The S&P/ASX200 is rolling up and down this morning — it is now 14 points higher at 6074. In the last 15 minutes Bluescope Steel has made more gains, now up 2.3 per cent to $12.06 and CSL is up 1.5 per cent to $194.20.
Computershare went on wild ride this morning, but appears to be recovering now. Shares closed at $18.30 on Monday and dipped down to $17.39 in the first five minutes of trading today, but have since risen to $17.85. There isn’t any big news and the company has no released any announcements today, so the 93 cent drop remains a bit of a mystery.
Super Retail Group says it has provisional earnings of $124.5 million for the six months ending December 2018, an increase of nearly 10 per cent on the same period in 2017. Results will be confirmed this Friday. Shares are 15 cents higher at $8.03 this morning. However, this morning it also announced it underpaid store managers by around $32 million over the past six years by not applying overtime rates properly. Chief executive Peter Birtles was due to stand down as CEO on March 31, but he said he would bring his departure date forward to February 20 in recognition of the «significance of this underpayment».
On Tuesday, Super Retail said it would recognise about $32 million to cover the cost of paying back managers what they are owed, plus about $11 million to cover interest and payroll tax. The $43 million put aside to cover the backpayments represents about a third of its net profit last year ($128 million).
In today’s trading update all group segments generated increased earnings, and the 2018 period includes earnings from Macpac, which was acquired in March 2018. In a trading update, Super Retail Group said like for like sales in the start of 2019 were about 4 per cent higher at Supercheap Auto, 8 per cent higher at BCF and Rebel.
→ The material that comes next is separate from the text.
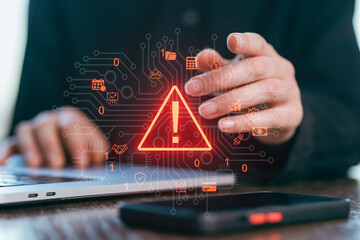 Hands working on a laptop while a warning symbol appears on a digital interface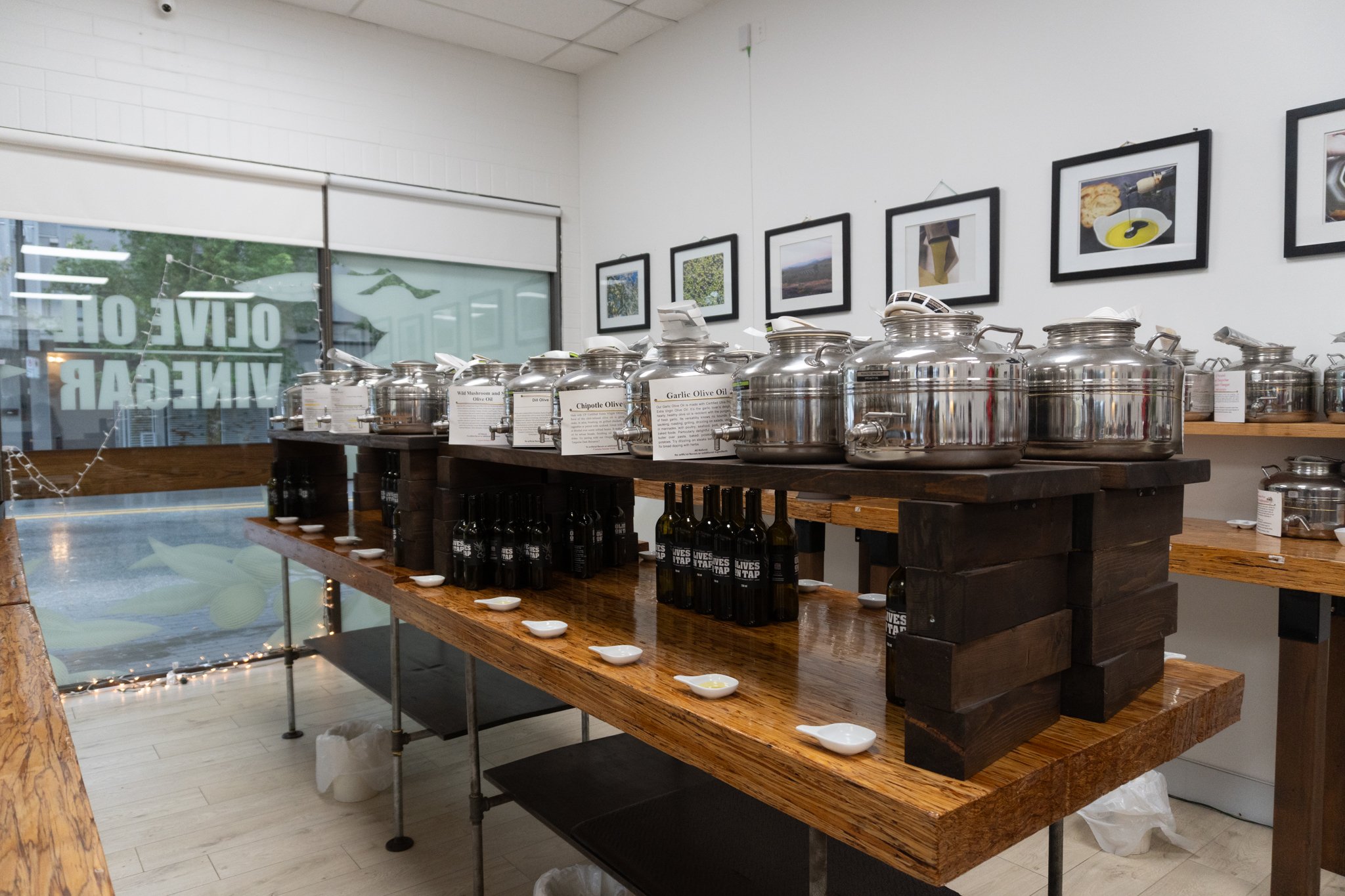 Display of various flavored olive oils in large stainless steel containers on a rustic wooden table in a store. Small tasting spoons with olive oils are arranged in front, and bottles are underneath. Framed pictures hang on the wall behind.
However Macpac sales growth is 2 per cent lower «as the business is cycling a significant clearance program in the prior comparative period».
Australian packaging giant Amcor will sell off three manufacturing plants in the United Kingdom and Ireland under the terms of the European Union’s approval of the company’s $9 billion takeover of a major competitor. Melbourne-based Amcor, a global manufacturer of flexible and rigid packaging for products including food, drinks and cigarettes, is in the final stages of securing approvals from competition regulators across the world for the buyout of US-based Bemis, and, on Tuesday, announced it had received approval from the European Commission.
«A condition of this approval is an agreement to divest three Bemis plants located in the United Kingdom and Ireland,» the company said.
«Combined these plants generate approximately $US170 million of annual revenue from the sale of flexible packaging for certain healthcare products.
The company said the approval preserved Amcor’s European healthcare packaging business, «which is substantially larger and participates in attractive, high-value end markets».
Under the takeover, which is expected to be completed in the second quarter of 2019, Amcor will become the world’s largest manufacturer of plastic packaging. Amcor runs 200 manufacturing plants in 40 countries while the Wisconsin-based Bemis runs more than 50 plants in 12 countries.
The deal remains subject to regulatory approvals in Brazil and the United States, where the recent US government partial shutdown forced delays to the company’s anticipated timeframe. Amcor shares are 7 cents lower at $14.49 this morning.